TASK GOAL =>
Nothing but the lines from the one containing "MiaDiamont webcam" through the one containing "Avril Lavigne 010", both included, should be given again, each exactly as written below.

--- RECORDS FOR THE EXERCISE ---

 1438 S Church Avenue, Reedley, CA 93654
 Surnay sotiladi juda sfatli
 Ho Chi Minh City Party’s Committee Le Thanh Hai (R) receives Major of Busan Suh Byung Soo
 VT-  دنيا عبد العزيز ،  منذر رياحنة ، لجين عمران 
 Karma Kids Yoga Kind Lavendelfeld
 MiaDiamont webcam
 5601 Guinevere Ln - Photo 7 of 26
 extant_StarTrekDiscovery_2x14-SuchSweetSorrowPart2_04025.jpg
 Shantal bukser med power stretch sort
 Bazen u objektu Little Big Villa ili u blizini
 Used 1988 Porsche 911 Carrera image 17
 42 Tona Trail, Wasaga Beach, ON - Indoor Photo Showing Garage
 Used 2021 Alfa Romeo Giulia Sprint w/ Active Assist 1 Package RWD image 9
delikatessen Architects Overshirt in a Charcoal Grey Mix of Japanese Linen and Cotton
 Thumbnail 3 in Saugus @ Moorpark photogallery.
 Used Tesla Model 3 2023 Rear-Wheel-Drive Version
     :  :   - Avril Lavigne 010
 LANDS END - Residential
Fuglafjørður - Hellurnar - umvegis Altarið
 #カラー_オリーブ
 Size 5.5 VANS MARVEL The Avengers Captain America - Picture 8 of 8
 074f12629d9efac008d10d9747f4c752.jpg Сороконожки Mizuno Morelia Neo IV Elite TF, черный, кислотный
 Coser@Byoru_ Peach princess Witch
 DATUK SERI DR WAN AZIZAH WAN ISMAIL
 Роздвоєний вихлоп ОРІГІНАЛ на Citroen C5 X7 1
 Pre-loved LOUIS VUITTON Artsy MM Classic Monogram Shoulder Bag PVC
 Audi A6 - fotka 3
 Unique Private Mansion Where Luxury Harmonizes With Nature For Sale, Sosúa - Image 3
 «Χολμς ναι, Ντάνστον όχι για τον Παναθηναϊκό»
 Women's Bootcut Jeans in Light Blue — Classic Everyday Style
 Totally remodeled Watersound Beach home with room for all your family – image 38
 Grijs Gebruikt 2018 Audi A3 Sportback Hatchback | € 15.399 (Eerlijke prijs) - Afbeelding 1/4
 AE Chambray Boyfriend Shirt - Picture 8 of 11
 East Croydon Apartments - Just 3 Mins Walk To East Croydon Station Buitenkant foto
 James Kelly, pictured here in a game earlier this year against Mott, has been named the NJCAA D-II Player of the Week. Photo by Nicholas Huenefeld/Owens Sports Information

---

FINISHED TASK =>
 MiaDiamont webcam
 5601 Guinevere Ln - Photo 7 of 26
 extant_StarTrekDiscovery_2x14-SuchSweetSorrowPart2_04025.jpg
 Shantal bukser med power stretch sort
 Bazen u objektu Little Big Villa ili u blizini
 Used 1988 Porsche 911 Carrera image 17
 42 Tona Trail, Wasaga Beach, ON - Indoor Photo Showing Garage
 Used 2021 Alfa Romeo Giulia Sprint w/ Active Assist 1 Package RWD image 9
delikatessen Architects Overshirt in a Charcoal Grey Mix of Japanese Linen and Cotton
 Thumbnail 3 in Saugus @ Moorpark photogallery.
 Used Tesla Model 3 2023 Rear-Wheel-Drive Version
     :  :   - Avril Lavigne 010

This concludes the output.